◆ Instructions to follow ◆
A word-for-word restatement of every record is required.

◆ Given records ◆
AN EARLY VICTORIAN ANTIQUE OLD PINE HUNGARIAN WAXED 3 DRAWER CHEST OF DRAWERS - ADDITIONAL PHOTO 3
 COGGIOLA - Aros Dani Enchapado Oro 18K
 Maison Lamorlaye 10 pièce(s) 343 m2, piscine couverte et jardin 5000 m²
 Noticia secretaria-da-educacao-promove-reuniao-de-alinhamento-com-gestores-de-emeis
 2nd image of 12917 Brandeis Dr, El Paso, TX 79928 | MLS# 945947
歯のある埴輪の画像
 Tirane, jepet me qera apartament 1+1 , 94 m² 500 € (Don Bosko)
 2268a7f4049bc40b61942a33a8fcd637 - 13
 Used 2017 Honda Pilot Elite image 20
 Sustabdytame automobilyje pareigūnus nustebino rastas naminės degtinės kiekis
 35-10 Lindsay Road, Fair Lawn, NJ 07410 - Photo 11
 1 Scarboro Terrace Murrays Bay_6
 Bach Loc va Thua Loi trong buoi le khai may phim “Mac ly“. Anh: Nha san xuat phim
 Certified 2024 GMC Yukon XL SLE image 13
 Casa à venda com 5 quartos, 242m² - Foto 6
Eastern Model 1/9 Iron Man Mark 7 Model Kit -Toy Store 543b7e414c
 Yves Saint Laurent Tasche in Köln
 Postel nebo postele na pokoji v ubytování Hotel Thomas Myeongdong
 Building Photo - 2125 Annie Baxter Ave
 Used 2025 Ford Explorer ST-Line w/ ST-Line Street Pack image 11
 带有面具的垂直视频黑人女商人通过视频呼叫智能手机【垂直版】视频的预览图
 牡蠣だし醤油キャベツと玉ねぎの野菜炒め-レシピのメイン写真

◆ Result ◆
AN EARLY VICTORIAN ANTIQUE OLD PINE HUNGARIAN WAXED 3 DRAWER CHEST OF DRAWERS - ADDITIONAL PHOTO 3
 COGGIOLA - Aros Dani Enchapado Oro 18K
 Maison Lamorlaye 10 pièce(s) 343 m2, piscine couverte et jardin 5000 m²
 Noticia secretaria-da-educacao-promove-reuniao-de-alinhamento-com-gestores-de-emeis
 2nd image of 12917 Brandeis Dr, El Paso, TX 79928 | MLS# 945947
歯のある埴輪の画像
 Tirane, jepet me qera apartament 1+1 , 94 m² 500 € (Don Bosko)
 2268a7f4049bc40b61942a33a8fcd637 - 13
 Used 2017 Honda Pilot Elite image 20
 Sustabdytame automobilyje pareigūnus nustebino rastas naminės degtinės kiekis
 35-10 Lindsay Road, Fair Lawn, NJ 07410 - Photo 11
 1 Scarboro Terrace Murrays Bay_6
 Bach Loc va Thua Loi trong buoi le khai may phim “Mac ly“. Anh: Nha san xuat phim
 Certified 2024 GMC Yukon XL SLE image 13
 Casa à venda com 5 quartos, 242m² - Foto 6
Eastern Model 1/9 Iron Man Mark 7 Model Kit -Toy Store 543b7e414c
 Yves Saint Laurent Tasche in Köln
 Postel nebo postele na pokoji v ubytování Hotel Thomas Myeongdong
 Building Photo - 2125 Annie Baxter Ave
 Used 2025 Ford Explorer ST-Line w/ ST-Line Street Pack image 11
 带有面具的垂直视频黑人女商人通过视频呼叫智能手机【垂直版】视频的预览图
 牡蠣だし醤油キャベツと玉ねぎの野菜炒め-レシピのメイン写真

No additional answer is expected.